One of Dr. Robert E. Greenspan's favorite pastimes as a child was a trip with his parents from his home in Montgomery County, Md., to the National Museum of Health and Medicine in Washington. There, he would gaze at the medical instruments, artifacts, and specimens on display.
“I liked medicine, liked seeing the anatomy and seeing the specimens,” recalled Dr. Greenspan, a nephrologist based in Northern Virginia. “I always had an interest and pursued that.”
Fascinated by the illustrations and photographs of old medical instruments and descriptions of how they were used, he began to collect medically themed books from second-hand bookstores while he was in medical school at the University of Maryland, Baltimore. In 1974, he acquired a first edition of the 1892 book by Sir William Osler, “The Principles and Practice of Medicine.”
Before long, he began to assemble his own collection of books and medical artifacts. In 2006, he self-published a 12-chapter, 596-page book entitled, “Medicine: Perspectives in History and Art” (Alexandria, Va.: Ponteverde Press, 2006), which contains stories of medical procedures, dentistry, pharmacy, and quackery revealed through paintings, photographs, poetry, anecdotes, and instrumentation (www.medicalhistoryandart.com
“No one had ever written a medical textbook that was personal,” he said. “Most of the books you see are about events and discoveries. The thing that interests me is not really names, dates, and who discovered what. I'm more interested in learning from the past directly through letters, documents, and instruments.”
The book's chapter on general surgery contains excerpts from a letter written by Fanny Burney, a patient who underwent a mastectomy in 1811 without anesthesia at the hand of Napoleon's surgeon, Dominique-Jean Larrey. After the surgical knife cut into her breast, “I began a scream that lasted unintermittently during the whole time of the incision—and I almost marvel that it rings not in my ears still!” she wrote. “So excruciating was the agony. When the wound was made, and the instrument was withdrawn, the pain seemed diminished, for the air that suddenly rushed into those delicate parts felt like a mass of minute but sharp and forked poniards, that were tearing the edges of the wound.”
Another remarkable letter acquired by Dr.
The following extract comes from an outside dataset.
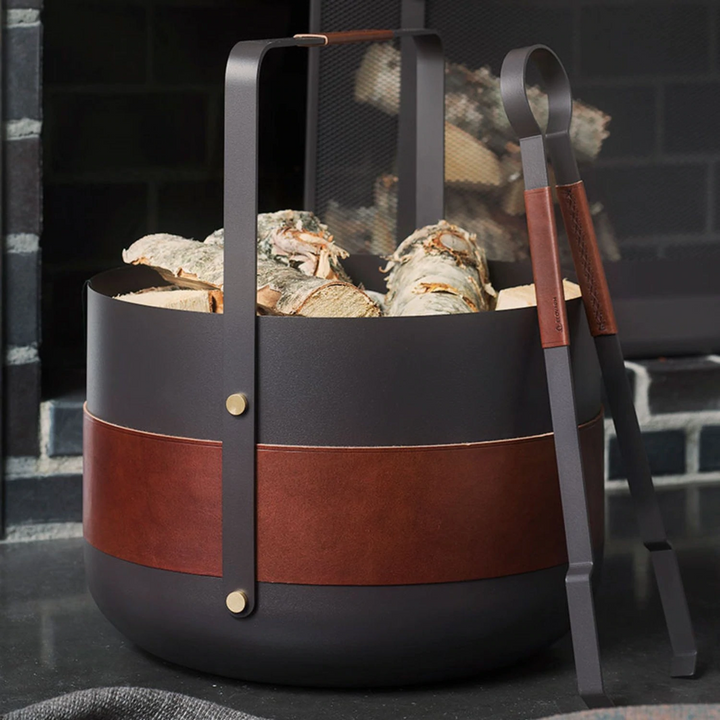 eldvarm | emma wood basket | havane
Greenspan appears in the book's chapter on trauma. Written by 18-year-old Union soldier Merari Bunajah Stevens to a friend back home, the letter describes the 1864 Battle of Cold Harbor, Va., one of the Civil War's bloodiest battles. Mr. Stevens' father became a casualty of that conflict.
“Men were struck down as if by a great scythe—like grass in haying time—and it was here that Father was struck,” Mr. Stevens wrote. “He was at my side during the charge when I suddenly heard him groan. Just then I looked over and saw Father fall to the ground, his uniform soaked with blood. He was shot but a few feet from me. The bullet went in a little back and a little above the left groin and exited near the right hip. On the battlefield, I took off his belts and clothes and then with my Bowie, took the ball out on the field as it was located near the surface under his cartridge box. I have it now in my pocket.”
Two years ago, Dr. Greenspan received an e-mail from Mr. Stevens' great-great-granddaughter. “She had the bullet,” Dr. Greenspan said. “It turns out that the soldier had become a physician in the Midwest. She sent me pictures of him when he was a soldier, and his two sons who became surgeons. So I have a picture of him, the bullet, and his family, which all came out of this letter. That is fascinating to me.”
Dr. Greenspan finds such letters in books or as stand-alone items on eBay or by browsing the inventory of online booksellers. “I fish around and I find medical history books that no one's ever heard of,” he said. “I'll buy it for $4 or $5 and I'll scan it and there might be a great story or a great quote or it will lead me into another area.”
The book also contains images of artwork depicting the practice of medicine dating back to the age of Hippocrates, as well as photographs of medical instruments in his collection. These images include ceramic leech jars and homeopathic sets from the 1800s, a bottle of prescription whiskey from the early 1900s, and the Abrams “dynamizer” and “reflexophone,” a quack machine from the early 1900s purported to help clinicians diagnose diseases ranging from syphilis to cancer.